"There are only three ways to end your career as a rocker: overdose, overstay your welcome, or write Spider-Man: The Musical,” jokes satirical political pundit Stephen Colbert at the beginning of Shut Up and Play the Hits. But as LCD Soundsystem proved, there is indeed another way.
In an out-of-the-blue announcement, the Brooklyn dance rock ensemble revealed last year that, at the peak of their career, they would dissolve the band in perhaps the most lavish way possible: by playing one final show at New York’s iconic Madison Square Garden in front of roughly 20,000 of their closest friends.
“If it’s a funeral, let’s have the best funeral ever,” the group stated, and for all intents and purposes, that’s exactly what fans got on April 2, 2011.
Documenting that four-hour-long spectacle resulted in Shut Up and Play the Hits. Helmed by directors Dylan Southern and Will Lovelace, the film captures that final onstage swan song, the post-concert aftermath, and some “what does it all mean” musing by frontman James Murphy courtesy of an interview conducted three weeks before the concert with music journalist and author Chuck Klosterman. Rather than a biography, this is a snapshot in time, and at its heart, Shut Up and Play the Hits is simply an extravagant and beautifully shot concert film.
With an army of cameras constantly on the move, Murphy and his sprawling backing band — at many points over 12 musicians strong — deliver the hits, tackling now-classic post-2000 anthems like “Losing My Edge,” “Dance Yrself Clean” and “All My Friends,” while revamping and reimagining their recorded output. LCD was a much different musical beast live than on record.
A few songs into the film, it’s hard not to get swept up in the emotion of it all. Guest appearances by Reggie Watts, Arcade Fire and perhaps the world’s biggest mirrorball ensure your gaze remains locked on the rolling concert footage. Plus, there’s some choice backstage moments thrown in for good measure.
But while the live footage makes up most of the film, it’s the interlaced narrative of Murphy’s day-after concert hangover that steals the show. With a fly-on-the-wall view of a rock star’s very domestic life, you witness Murphy right after the big shebang, going about mundane tasks like shaving, walking the dog and indulging in his apparent love for coffee. As boring as that may sound, you soon realize this is his new post-LCD reality. Murphy is picking up the pieces throughout his day and starting to cope with the loss.

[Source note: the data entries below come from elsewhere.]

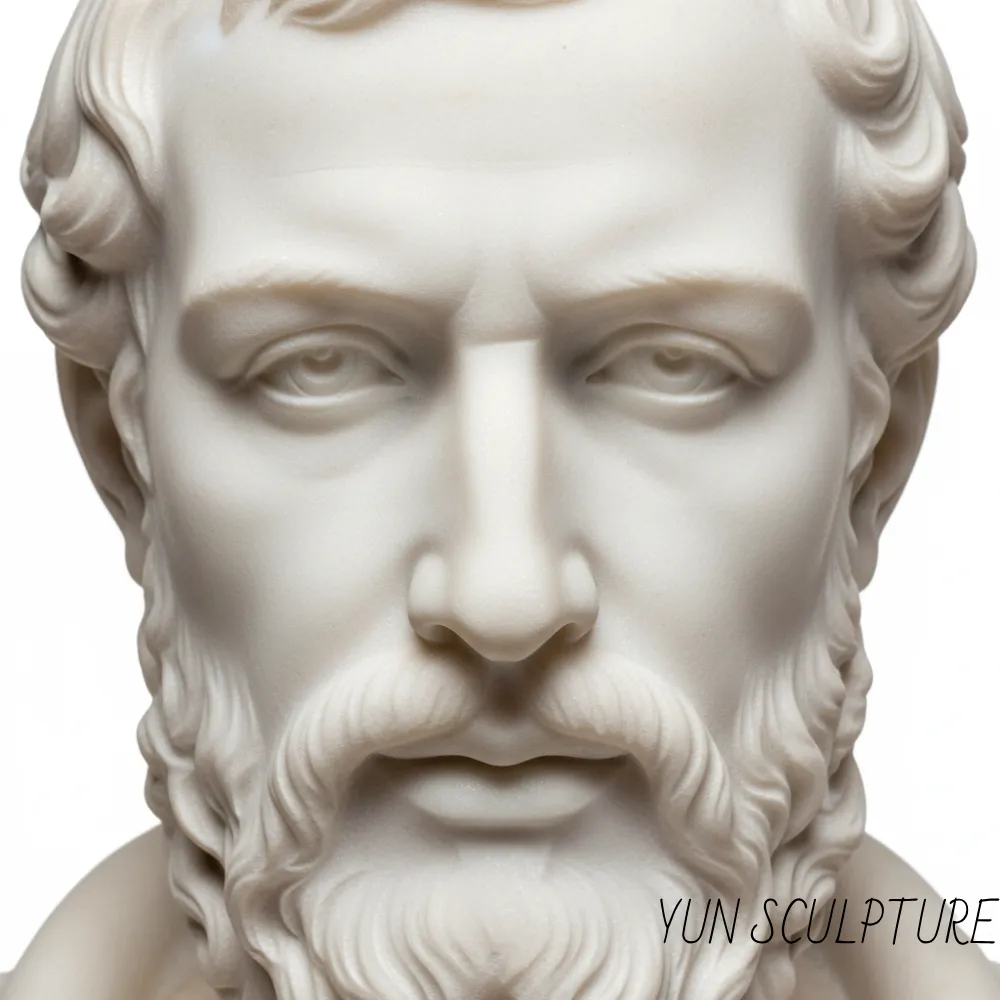 A close-up of a St. Jude marble statue hand-carved from white Carrara marble, showing the serene facial expression and the visual warmth of morbidezza created by Yun Sculpture.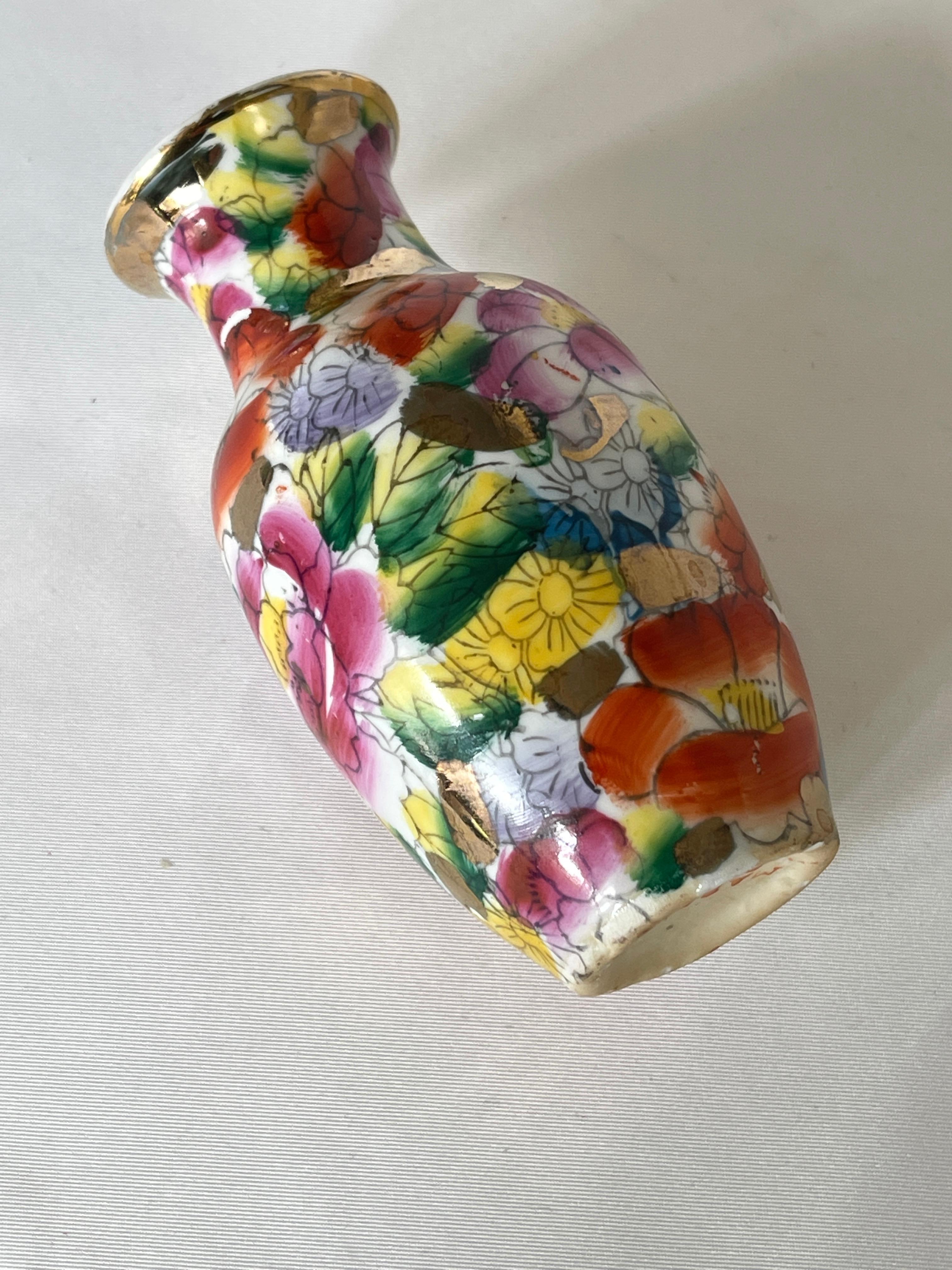 20th Century 1920's Chinese Export Hand Painted Miniature Porcelain Vase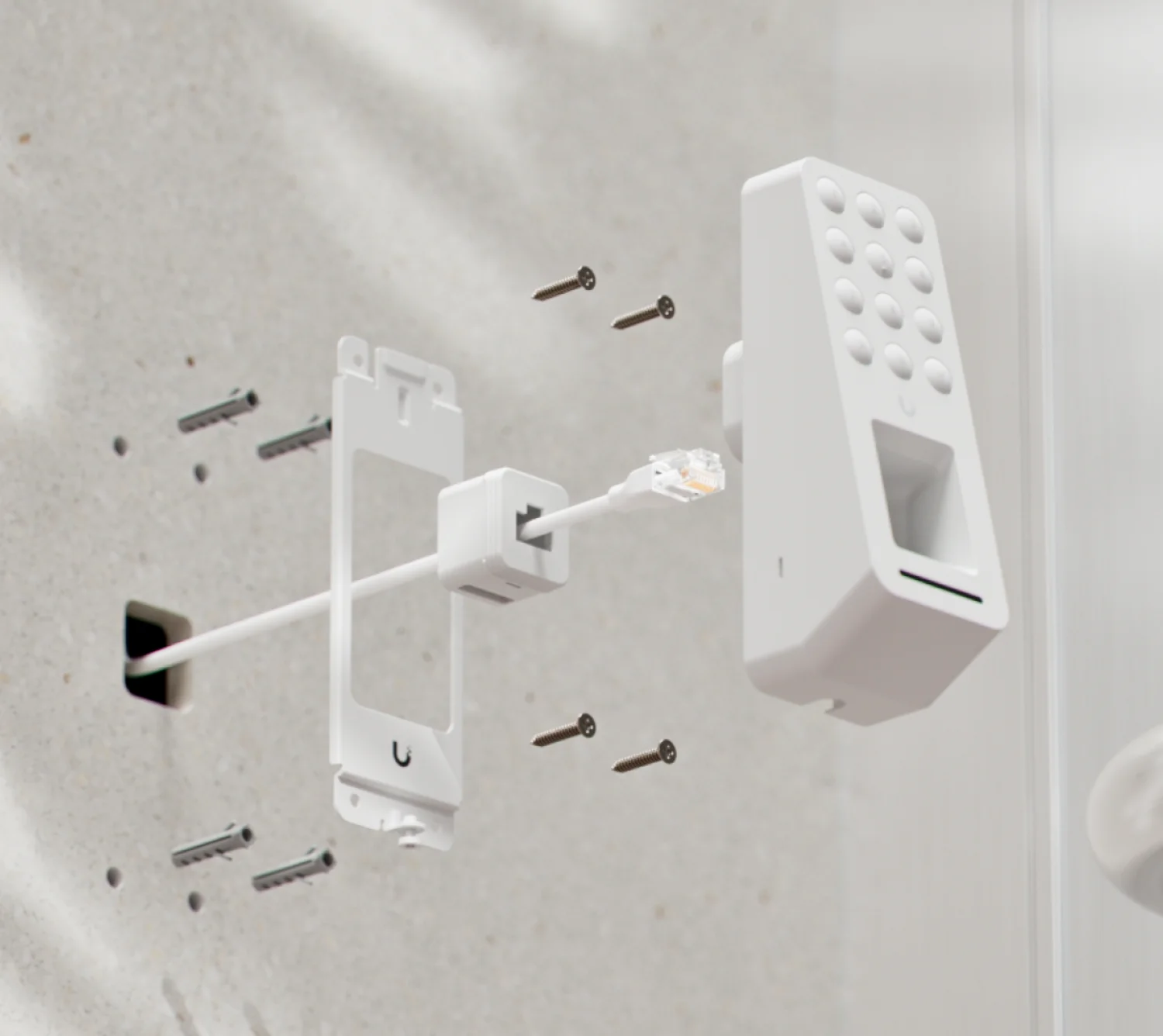 Montage van de witte G3 Reader Fingerprint: montageplaat, netwerkkabel en schroeven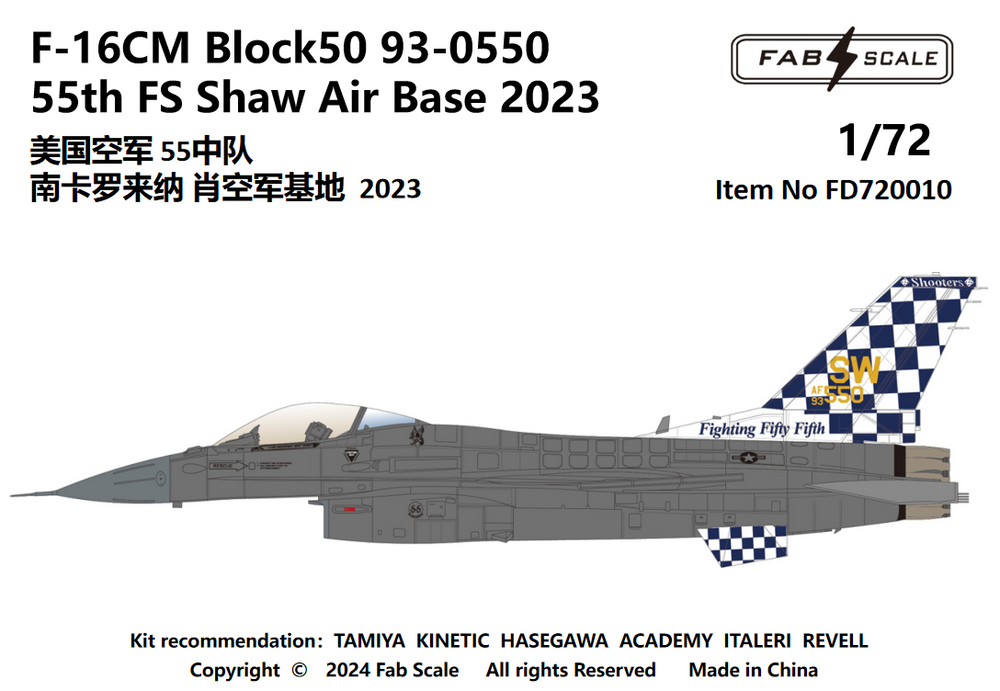 FabScale FD72010 F-16C Block 50 55th FS Shaw AB 2023 1:72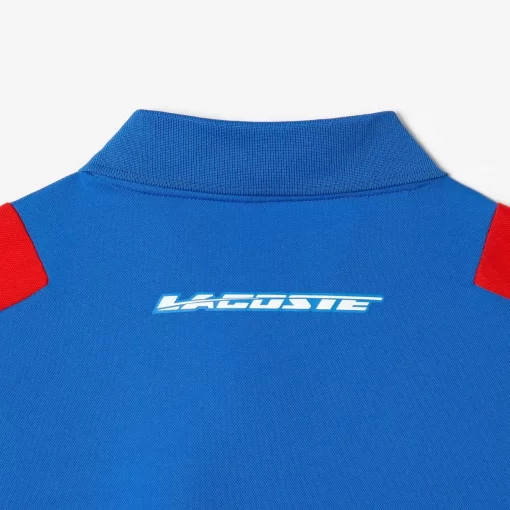 Lacoste Tennis>Herren Tennis Poloshirt Aus Recyceltem Polyester Blau / Rot / Blau Xfi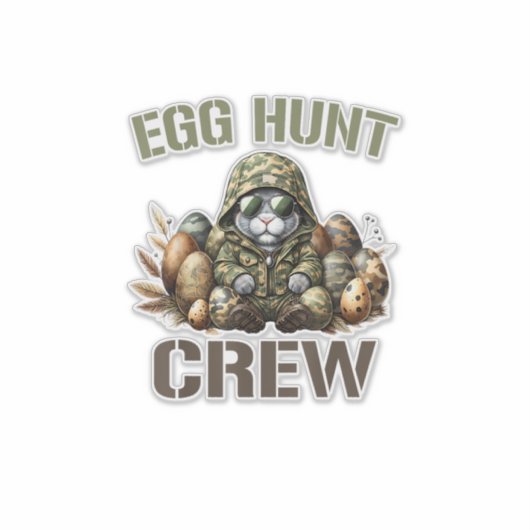 Easter Egg Hunter Crew Camo Hunting Easter Day T-S シール (正面)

It culminates in what’s undoubtedly the film’s climax: Murphy standing alone in an empty practice space — a realization that reduces him to a shaking mess of tears. It’s a profoundly touching private moment. Murphy soon pulls himself together, gets in a cab, and heads home alone.
Unfortunately, as emotional as the film gets, the intertwined footage of Klosterman interviewing Murphy proves to be the film’s weakest link, as Klosterman’s personality can be grating if you’re not into over-intellectualizing your rock ’n’ roll. While the conversation is mostly used as a transitional device to set up certain key tracks, it also supplies the LCD backstory, which comes out sketchy at best.
The interview also sees Murphy touching on the defining failure of LCD Soundsystem, and while he has a hard time answering that question so soon, it might just be the final concert and the film itself. It’s been barely over a year since the group’s big farewell, but already Murphy is hinting at resurrecting the band. While that would be great news for fans, a reunion so soon would strip away much of the film’s emotional impact, making LCD Soundsystem’s celebratory funeral all a bit premature, exaggerated or, at worst, a sham.